The Justice Trilogy

Growing up as a non-white kid who read science-fiction and fantasy almost exclusively, finding books with characters who looked like me was not an easy task. Ursula Le Guin’s famous protagonist Ged (A Wizard of Earthsea) was brown-skinned (although you wouldn’t know it from any of the many whitewashed adaptations), and Robert Heinlein’s The Moon is a Harsh Mistress brought us a proudly multi-racial society, as embodied by narrator Manuel Garcia O’Kelly-Davis. If you wanted a science-fiction book actually written by a black author, and aimed at kids, however, you were down to exactly one series, Virginia Hamilton’s Justice Cycle.
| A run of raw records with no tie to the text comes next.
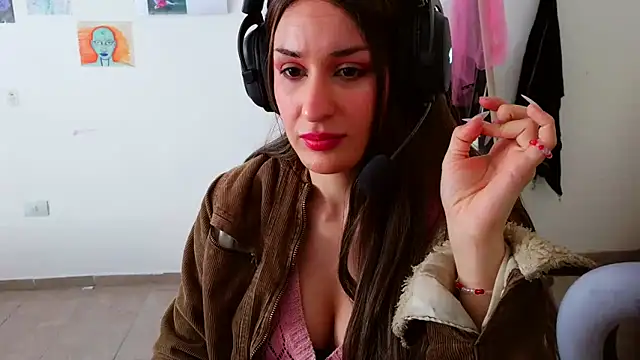 Snapshot of kendrafarq chatting on May 13, 2026, 6:38 pm kendrafarq online show from May 13, 2026, 6:38 pm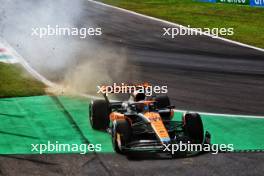 Oscar Piastri (AUS) McLaren MCL60 with a broken front wing. 03.09.2023. Formula 1 World Championship, Rd 15, Italian Grand Prix, Monza, Italy, Race Day.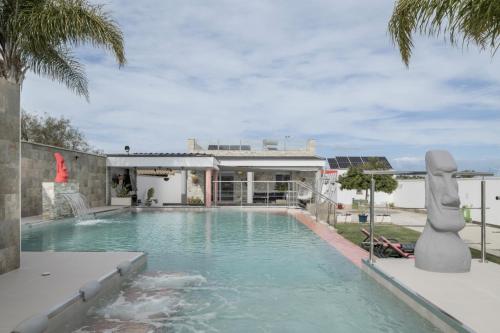 Villa with Garden View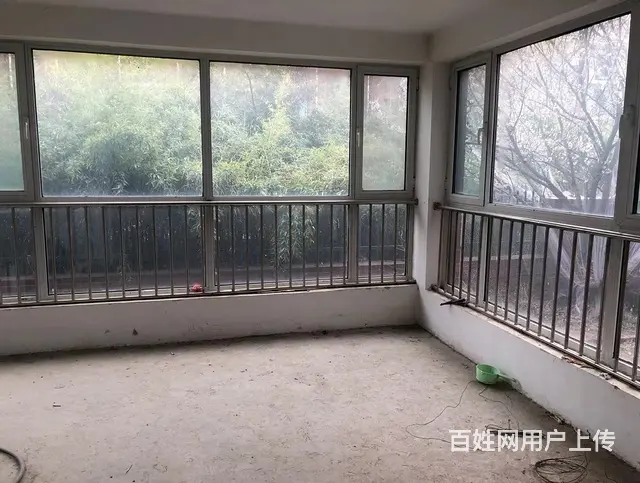 人民公园附近！102万180平，四楼带阁楼，带前后露台，新房 - 图片 5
The basic problem with writing genre fiction as a black writer, or for that matter, (say) releasing indie-rock as a black recording artist, is a basic one of numbers. African Americans make up a small percentage of the total American population, so anything produced by a black artist needs to either cross over to a non-black audience or appeal to a large, mainstream black audience or both, if it is to reach any numerically great level of popularity. If, in a group of 100 people, 1 of every 10 is black, and if, in that same group, 1 of every 10 is a science-fiction fan, then there will be 10 science-fiction fans, and 10 black readers, but only 1 black science-fiction fan. The book won’t make it far if that’s the only person who reads it.

This explains, to a large extent, while the Justice Cycle has been all-but-forgotten, despite Hamilton’s status as one of the most highly awarded and critically acclaimed children’s book writers of all time. It isn’t always the easiest series to love, but it is a brilliantly original and unorthodox saga that deserves to be remembered and rediscovered, both on its own merits, and for its status as a groundbreaking and pioneering work, by an author who refused to stay in the boxes audience demographics built for her.

The series itself varies widely in tone and subject, despite having a consistent core cast of characters. The first book, Justice and Her Brothers, starts things off in a realist mode, introducing us to protagonist Justice “Ticey” Douglass, a young black girl growing up in a rural town. As the story begins, Justice’s main preoccupations are dealing with her twin older brothers, “good twin” Levi, and “evil twin” Tom, whose aggressive brotherly contempt for Justice and unhealthy dominance over Levi provides most of the first book’s dramatic tension. Justice’s first tentative steps towards adulthood are complicated by her dawning awareness that she, both her brothers, and their best friend, Dorian, all possess powerful but undeveloped psychic powers.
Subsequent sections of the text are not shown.